“São Paulo de meus amores”
O Poema da Casa Que Não Existe
* * * * * * * * * * * * * * * * * * * * * *Onde a cidade acaba em chácaras quietas
e a campina se alarga em sulcados caminhos
achei a solidão amiga dos poetas
numa casa que é ninho, entre todos os ninhos.Térrea, branquinha, com portadas muito largas,
desse azul português das antiquadas vilas
e uma decoração de laranjas amargas
que perfumam da tarde as aragens tranqüilas.Ergue-se no pendor suave da colina,
escondida por trás dos eucaliptos calmos;
tem jardim, tem pomar, tem horta pequenina,
solar de Liliput que a gente mede aos palmos …Neste ponto, a ilusão, a miragem, se some;
olho para você, eu triste, você triste.
Enganei uma boba! O bairro não tem nome,
a estrada não tem sombra, a casa não existe!
Afonso Schimdt* * * * * * * * * * * * * * * * * * * * * *
Para Joanna das Dores Villalva, minha bisavó que me deixou uma porta aberta em São Paulo e meus filhos *Daniel&Carla, Miguel e Juliana

No tempo do Império, São Paulo não passava de uma vila pouco desenvolvida e sem muitos recursos. As ruas estreitas formavam um emaranhado de vielas que cresciam sem planejamento algum. Os Conventos de São Francisco, São Bento e São Carmo eram a bases do triângulo que formava o espaço da cidade. Era onde ficava o Pátio do Colégio, o Palácio do Governo, a Assembléia Provincial, o Correio e as repartições Fiscais.
Nas ruas Direita, São Bento e 15 de Novembro, no Vale do Anhangabaú - chamado na época de “Vale Intransponível” - se concentrava a maior parte da população e a segregação sócio-espacial não estava ainda bem definida. Isso só aconteceu depois da aprovação da lei de Terras de 1850 - projeto elaborado pelo fazendeiro e Senador do Império Nicolau dos Campos Vergueiro, que definia que todas as terras devolutas eram propriedade do Estado, sendo que a sua ocupação ficaria sujeita à compra e venda. As terras livres passaram a ser propriedade do Estado que poderia vendê-las a quem tivesse condições de pagar. A lei acabou por influenciar no aumento do valor dos terrenos na área urbana da cidade.

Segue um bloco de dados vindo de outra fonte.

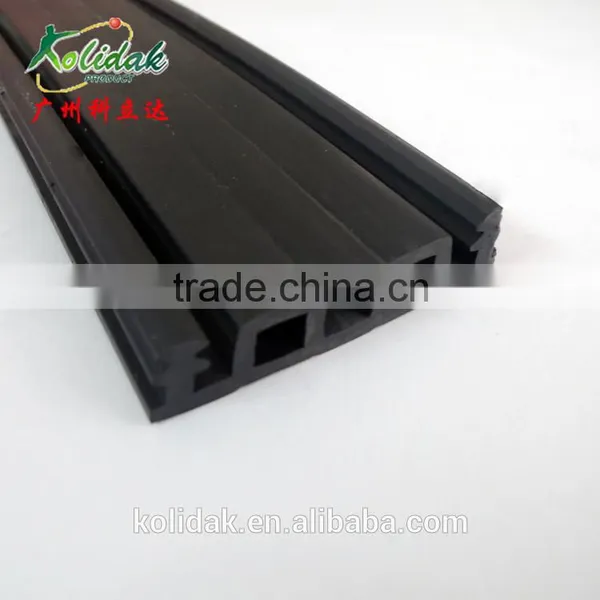 E Shape Three Holes TPV Rubber Strip Plastic Strip photo-3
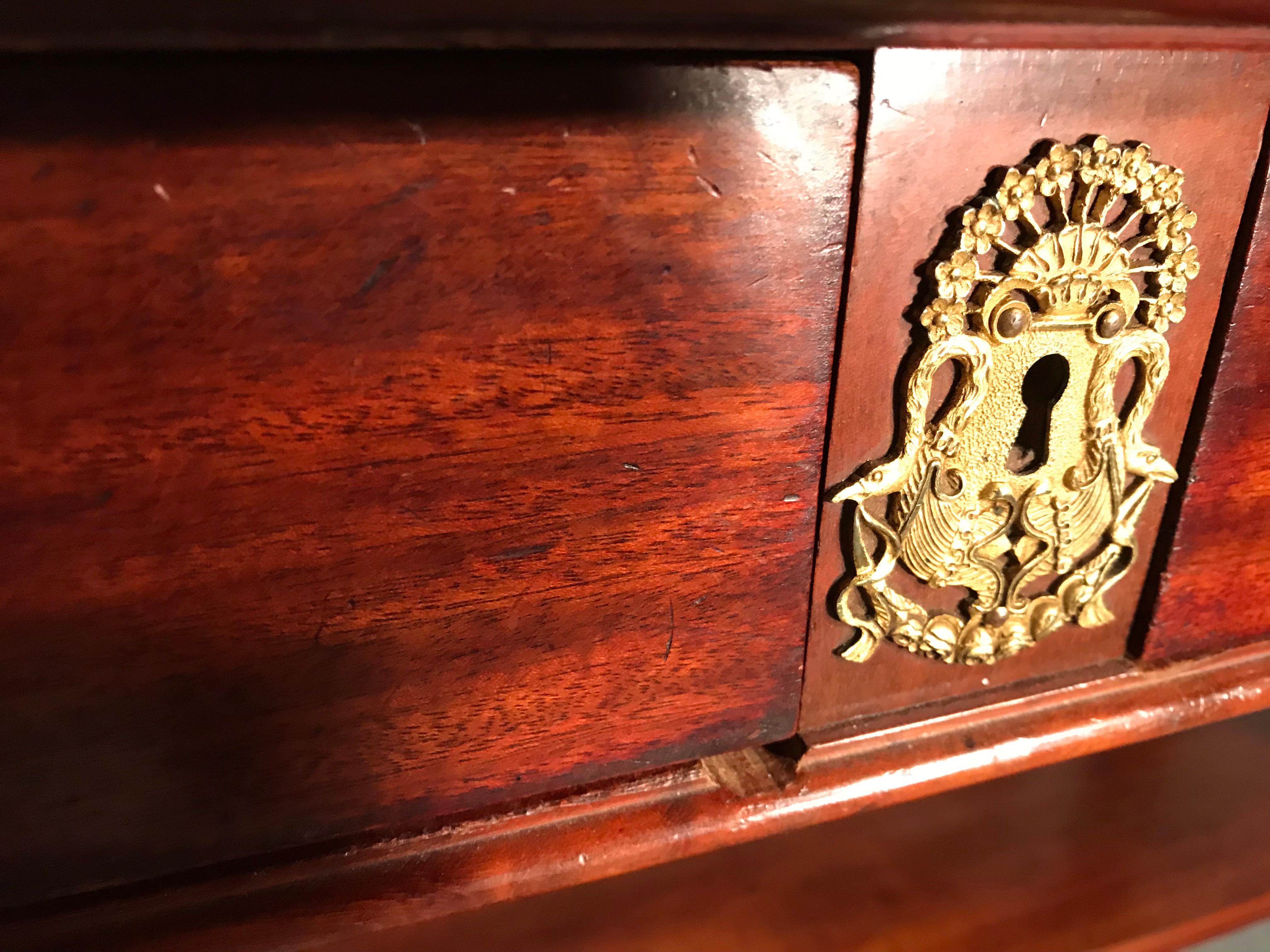 Elegant Empire console table, France 19th century, mahogany veneer with original fittings and cream colored marble top. Perfect piece of furniture for a spacious entry way. 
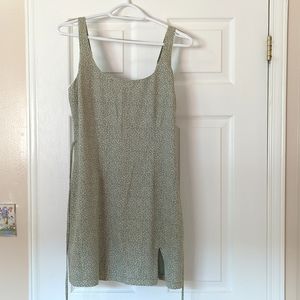 Abercrombie Green Floral Mini Dress Size M - Never Worn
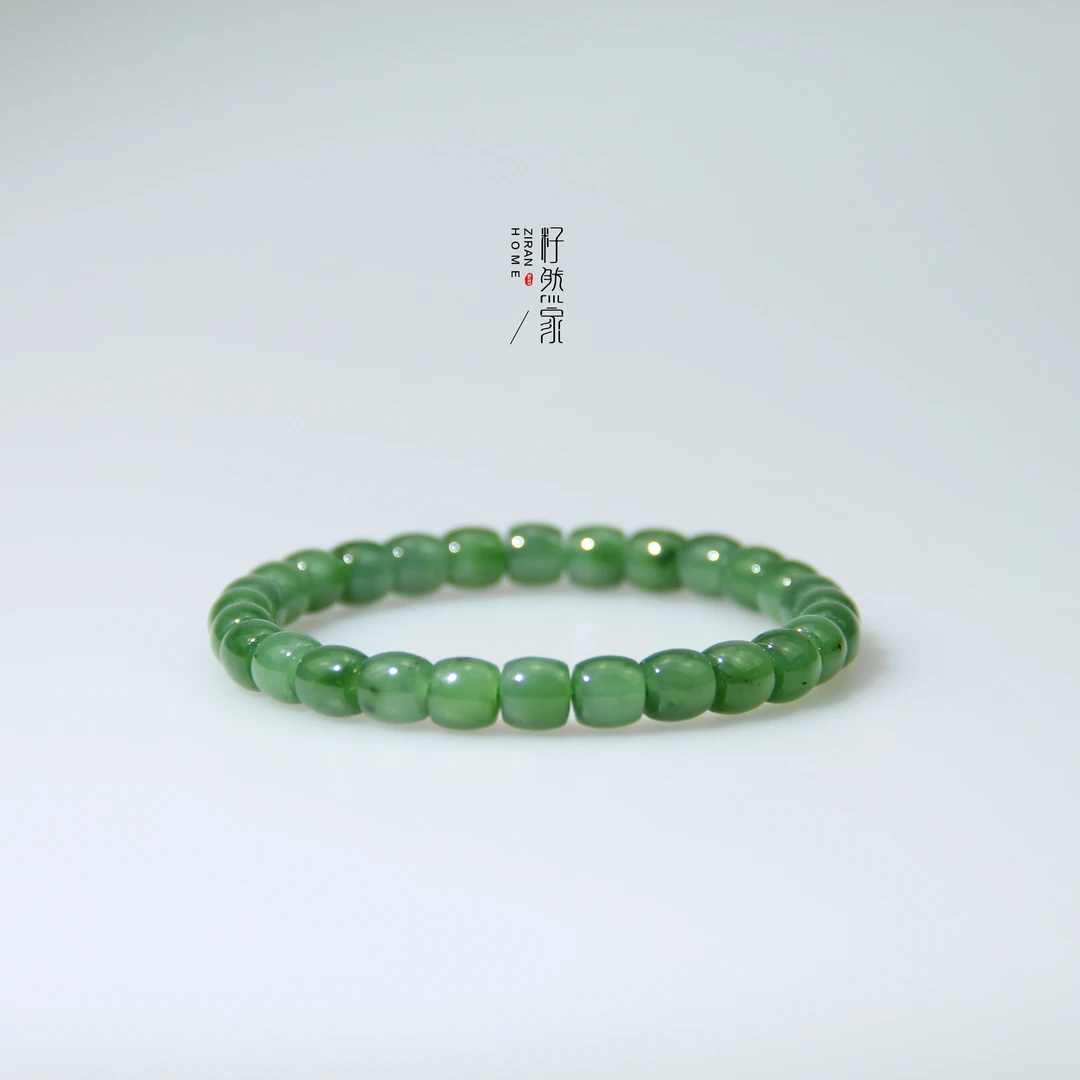 天然和田玉碧玉精工直切7mm手串单圈辣绿色微黑点（多样性发其一）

Nessas ruas centrais, sobrados de dois e até três pavimentos foram construídos para abrigar as pessoas abastadas. Muitos fazendeiros, mantinham casas na área urbana. Essas residências de taipa de pilão tinham, na maioria das vezes, sacadas de ferro, balcões e janelas adornadas. As cores das fachadas variavam entre o branco, o amarelo e o rosa-pálido. No térreo, funcionavam casas comerciais.

Embora fossem luxuosas, essas residências eram precariamente iluminadas por candeeiros de azeite e óleo de mamona. Não havia abastecimento regular de água potável, e as ruas, além de muito escuras à noite, tinham péssimos calçamentos, feitos com pedras mal aparelhadas e irregulares. A falta de iluminação pública, obrigava aos moradores que se arriscavam sair á noite, a andar com lanternas.

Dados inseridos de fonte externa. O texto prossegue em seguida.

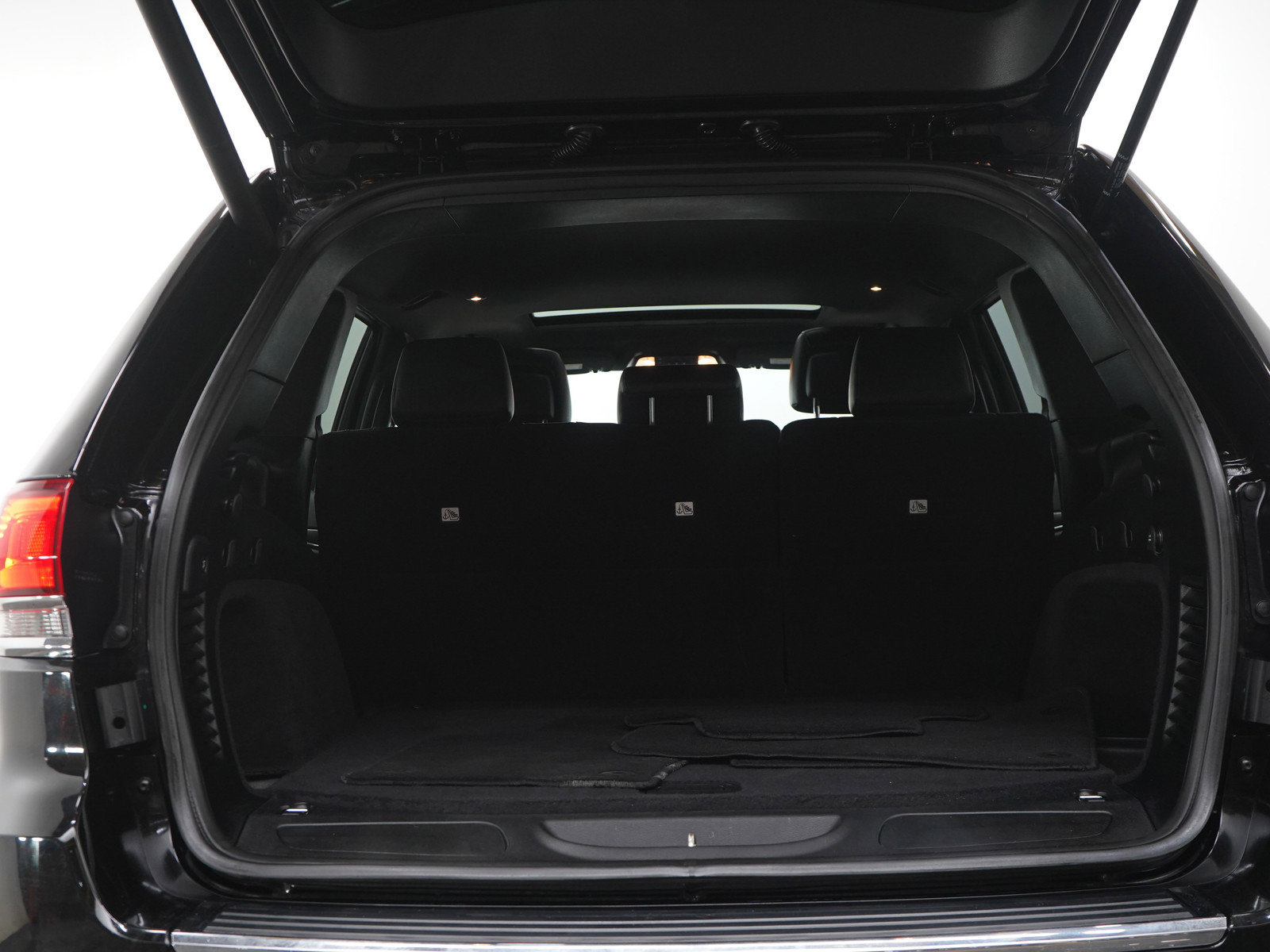 Used 2020 Jeep Grand Cherokee Limited AWD/4WD image 18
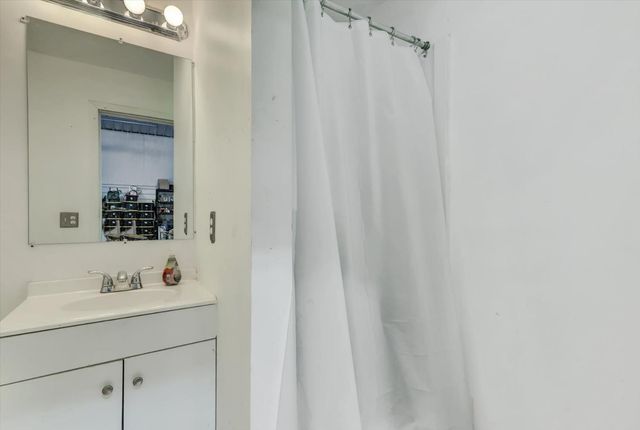 13886 Meadow Valley Rd, Dobbins, CA 95935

Queixa-se, em 1870, o presidente da Província de São Paulo ao Inspetor de Obras: “a capital da Província não tem iluminação que preste, não tem água para satisfação dos habitantes, não tem praças ornadas, chafarizes, monumentos ou edifícios públicos”. Quanto ao transporte, as pessoas precisavam alugar tílburis ou carros de boi para perfazer as grandes distâncias. Só mais tarde e que começaram a trafegar os primeiros bondes de tração animal pela cidade.
Nessa época, a população paulistana era estimada em cerca de 20 mil habitantes. Houve um aumento demográfico devido à presença de estudantes que vieram estudar na Academia de Direito, escravos de família que os acompanharam e fazendeiros que passaram a viver na capital da província.
Mas, apesar do crescimento populacional, a vida urbana, na expressão do poeta Álvares de Azevedo - que, depois de alguns anos no Rio de Janeiro, voltara a São Paulo para estudar na Faculdade de Direito -, permanecia um “bocejar infinito”. Na sua opinião, “não há passeios que entretenham, nem bailes, nem sociedade”.
Em uma de suas cartas, Álvares de Azevedo pedia que lhe mandassem da Corte (Rio de Janeiro) vidros pequenos, que servissem no seu candeeiro; quatro anos depois fazia um pedido igual: o vidro de seu candeeiro tinha se quebrado, e esse era um artigo que não se encontrava aqui “nesta santa terrinha”.
CARTA À MÃE (Álvares de Azevedo)
S. Paulo, 12 junho de 1849
Tenho a vista a sua de 3 de corrente q. com mto prazer recebi.
Enquanto no Rio reluzem esses bailes a mil e uma noites, com toda a sua mania de fulgências e luzes, por aqui arrasta-se o narcótico e cínico baile da concórdia Paulistana.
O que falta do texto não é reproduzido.